Trust me, if Raphael had felt like painting a flag, it would be a better
flag painting than any by Jasper Johns.

Finally, back to Picasso and Cezanne. How is it that Cezanne's paintings
from the last decade of his career are his most expensive today, and
Picasso's paintings from the first decade of his career are the most
expensive? Well, it was basically the same decade -- the first of the 20th
Century. That's when the Big Switch happened, so the most historically
important paintings from both Cezanne and Picasso come from almost the
same time.

What happened in the first decade of the 20th Century was that after 475
years, people were getting bored with perspective; and painters were
increasingly worried about photography. Pretty soon, those *******s would
have color film and then you could take pictures that looked like what Jan
van Eyck was doing in the 1430s in the Low Countries when he got
perspective from Italy and oil paint from Norway. And then who is going to
hire a painter?

This led to the happy ending of Cezanne's life. Cezanne could never quite
get the hang of perspective, which had been the basic barrier to entry for
professional painters since the 15th Century. All of his pictures just kind
of looked "off." Normally, people who tried their hand at painting but
couldn't master perspective gave up and did something else with their
lives. It's like a professional baseball player who can't hit a 90 mph
fastball or a singer who can't stay on key -- they're best advised to go
get a real job and most of them eventually do.
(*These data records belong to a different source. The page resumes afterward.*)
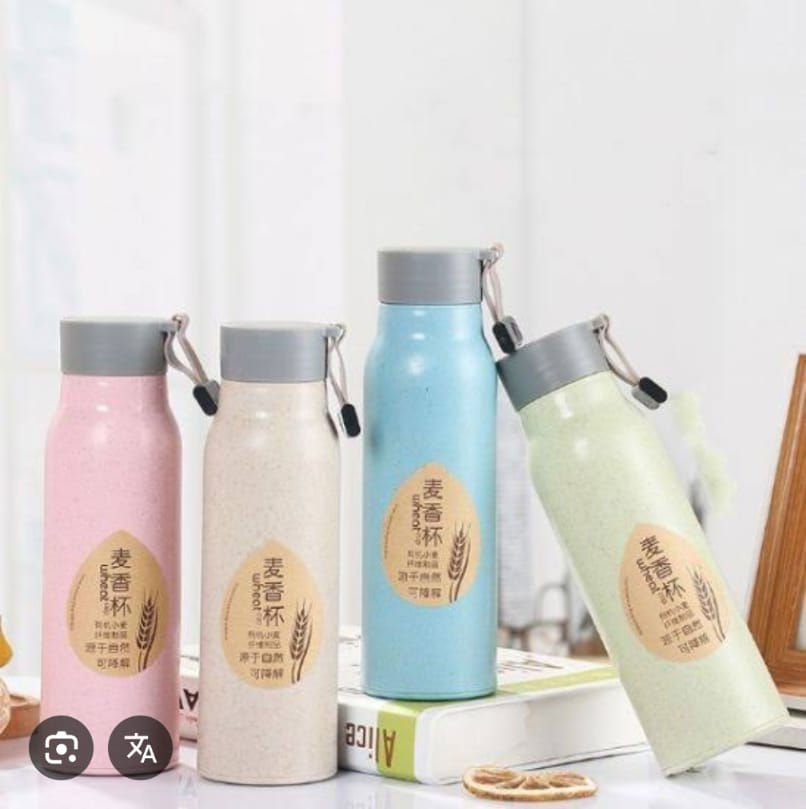 WhatsApp Image 2025-12-06 at 2.02.16 PM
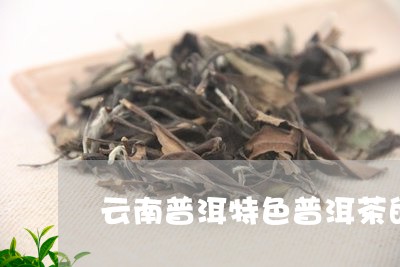 云南普洱特色普洱茶的基本信息/2023053002724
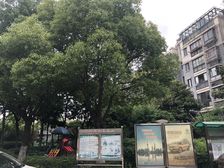 开放式厨房,大开间,品质小区,近地铁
But Cezanne was a dogged sort, who really loved painting, even if he
wasn't very good at it. So, he kept at it and at it, and he actually got
better at the other stuff, like color.

Eventually, though, people in the art business, like young Picasso,
decided "Who cares about perspective anymore? It's been done." And they
looked around for a role model to give some credence, some sense of
historical development to this new fashion, and, there was poor old
Cezanne, still hard at it. And, you know, if you kind of squinted and
ignored the fact that his paintings looked out-of-kilter, they were pretty
good! And, in fact, since paintings had been in-kilter since Masaccio, but
now the damn photographers were just pressing a button and making
in-kilter pictures, you could argue that Cezanne's out-of-kilterness made
his poor old paintings not just good, but great! (That was the point, of
course -- the art world wanted paintings that you wouldn't get unless
you'd heard the theory already. Everything else could be left to
photography.)

So, what does Cezanne have to do with math students? Maybe if some kid
just doesn't have the knack for the Quadratic Formula, he should just keep
plugging away until the Quadratic Formula goes out of fashion!"